The girl wept aloud; and the father, sinking his head upon his knees, rocked himself to and fro.

‘If I am taken,’ said the young man, ‘I shall be carried back into the country, and hung for that man’s murder. They cannot trace me here, without your assistance, father. For aught I know, you may give me up to justice; but unless you do, here I stop, until I can venture to escape abroad.’

For two whole days, all three remained in the wretched room, without stirring out. On the third evening, however, the girl was worse than she had been yet, and the few scraps of food they had were gone. It was indispensably necessary that somebody should go out; and as the girl was too weak and ill, the father went, just at nightfall.

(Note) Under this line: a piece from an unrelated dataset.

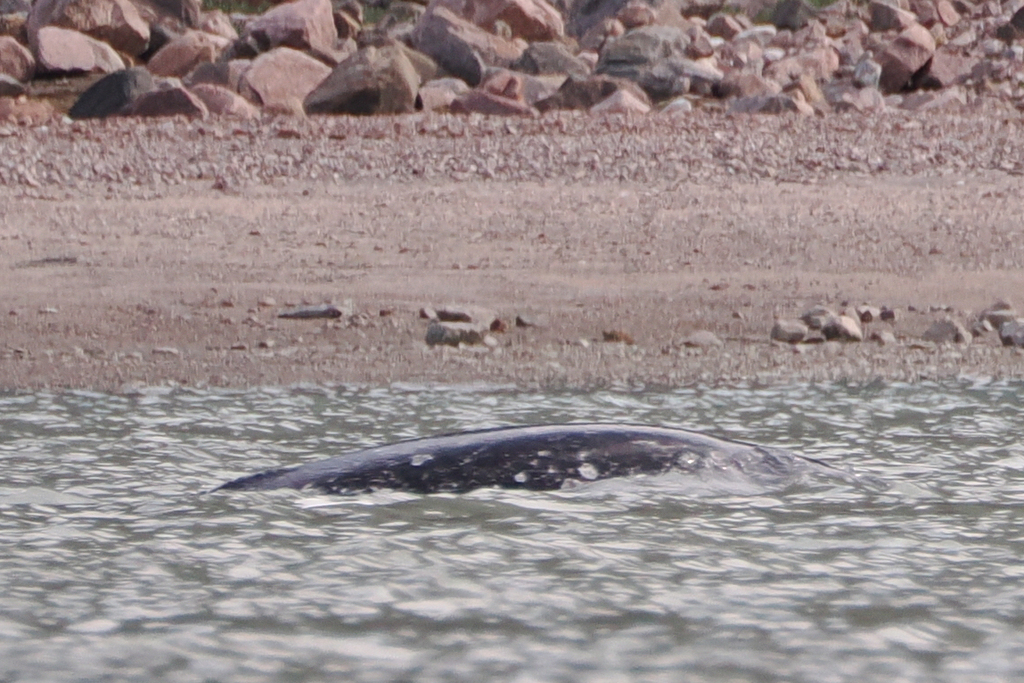 Spotted grey narwhal back at the surface near the shore, Nunavut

He got some medicine for the girl, and a trifle in the way of pecuniary assistance. On his way back, he earned sixpence by holding a horse; and he turned homewards with enough money to supply their most pressing wants for two or three days to come. He had to pass the public-house. He lingered for an instant, walked past it, turned back again, lingered once more, and finally slunk in. Two men whom he had not observed, were on the watch. They were on the point of giving up their search in despair, when his loitering attracted their attention; and when he entered the public-house, they followed him.

‘You’ll drink with me, master,’ said one of them, proffering him a glass of liquor.

‘And me too,’ said the other, replenishing the glass as soon as it was drained of its contents.

The man thought of his hungry children, and his son’s danger. But they were nothing to the drunkard. He DID drink; and his reason left him.

‘A wet night, Warden,’ whispered one of the men in his ear, as he at length turned to go away, after spending in liquor one-half of the money on which, perhaps, his daughter’s life depended.